Invoice yang Ditulis oleh Debt Collector
Mari kita bedah struktur argumennya, karena ini adalah latihan menarik dalam moral engineering.
Premis dasar: “Silicon Valley owes a moral debt to the country that made its rise possible.”
Ini adalah kalimat yang secara struktural tidak bisa dibuktikan maupun disangkal. Moral debt adalah konstrak. Tidak ada ledger. Tidak ada audit trail. Yang ada adalah kekuatan untuk menamai sebuah debt — dan kekuatan untuk mengumpulkannya.
Palantir tidak menjual, tidak membangun jalan tol, tidak mendanai sekolah. Palantir membangun infrastruktur data yang memungkinkan Deportasi massal. Dan sekarang mereka ingin kita percaya bahwa aktivitas itu adalah pembayaran utang.
”Free Email Is Not Enough”
Inilah bagian yang paling jujur dari memo itu, dan tidak ada yang mau mengakuinya.
Ini bukan statement politik. Ini adalah price signal. Maksudnya: “Dulu kalian bisa dapat teknologi gratis, sekarang mahal. Dan mahal karena kami yang bikin mahal.”
Saat Palantir bilang “free email is not enough,” mereka sedang mensuplai kerangka bahasa untuk setiap perusahaan tech yang ingin menjual ke pemerintah dengan markup tinggi. Mereka bilang: teknologi yang kalian dapat selama 30 tahun terakhir itu adalah practice run. Sekarang dimulai episode berbayar.
Infrastruktur Kontrol sebagai ibadah Nasional
Bagian memo yang paling banyak dikritik adalah soal post-war Germany dan Japan — disebut “overcorrection” yang sedang Europa bayar harganya. Ini bukan anal. Ini adalah design philosophy.
Palantir sedang bilang: defanging suatu populasi itu salah.
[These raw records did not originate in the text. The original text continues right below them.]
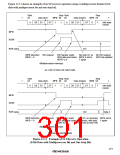 浏览型号HD64F3337YF16的Datasheet PDF文件第301页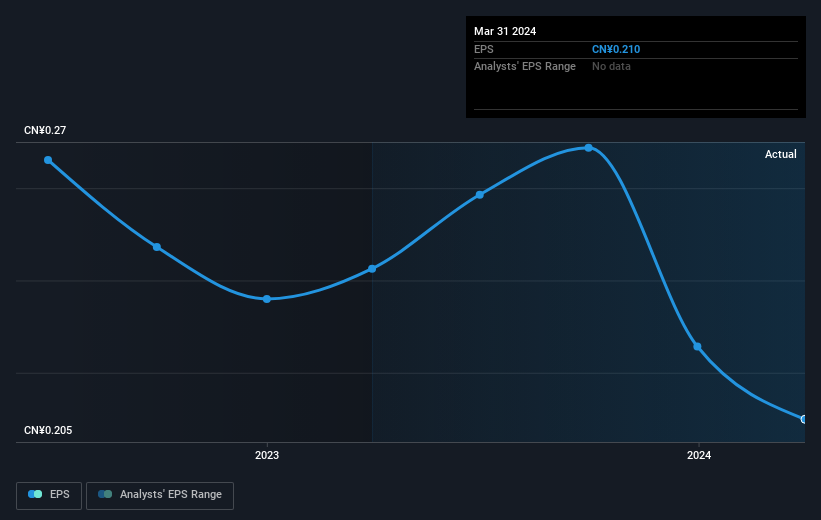 earnings-per-share-growth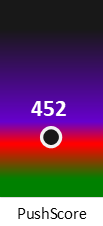Der PushScore ist umso höher, je schlechter die Aktienbewertung ausfällt.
Yang benar adalah arming suatu populasi — dengan data, dengan algoritma, dengan drone.
Philosoph of technology Mark Coeckelbergh menyebutnya “technofascism.” Palantir mungkin akan bilang itu patriotism. Perbedaannya hanya di who holds the hardware.
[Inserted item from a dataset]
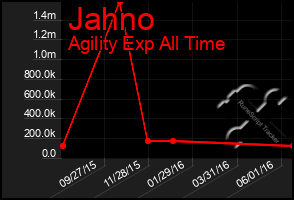 Total Graph of Jahno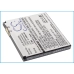 Încărcător de birou Texas instruments CS-OTC825SL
Who Benefits from This Argument
Eliot Higgins dari Bellingcat membuat poin yang tidak nyaman untuk dibicarakan:
“Palantir sells operational software to defense, intelligence, immigration & police agencies. These 22 points aren’t philosophy floating in space, they’re the public ideology of a company whose revenue depends on the politics it’s advocating.”
Palantir tidak membutuhkan investor retail memahami geopolitik. Palantir butuh kontrak pemerintah. Setiap memo seperti ini adalah sales document yang disusun sebagai manifesto. Kebaca di LinkedIn, bukan di jurnal filsafat.
The Architecture of Permission
Di balik semua retorika tentang nation-building dan technological debt, ada arsitektur yang sedang dibangun: sistem yang memberikan izin tanpa persetujuan, yang menyortir tanpa transparansi, yang mendeportasi tanpa proses.
Palantir bukan architect of that system. Palantir adalah the plumbing.
Yang bikin teks ini menarik bukan isinya, tapi apa yang dipermudah olehnya. Sebuah memo 22 poin yang didesain untuk dibaca 30 detik, di-share 3000 kali, dilupakan dalam 3 hari. Sementara itu, kontrak yang sudah ada terus berjalan.
Closing: The Ledger Remains Unbalanced
Tidak ada yang bisa membalas “moral debt” karena tidak ada yang bisa membuktikannya. Yang ada adalah perusahaan yang sudah memutuskan berapa harganya, dan yang membayarnya adalah setiap orang yang pernah discan oleh sistemPalantir tanpa tahu kenapa.
Silicon Valley tidak owe siapa-siapa. Yang owe adalah model bisnis yang bergantung pada akses tidak terbatas ke data publik dan государственный contracts.
Sampai kita mengerti bahwa setiap memo seperti ini adalah invoice — bukan philosophy — kita akan terus membaca yang disusun oleh mereka yang sudah tahu jawabannya.
Draft siap untuk audit. Tidak untuk dipublikasikan dalam bentuk ini.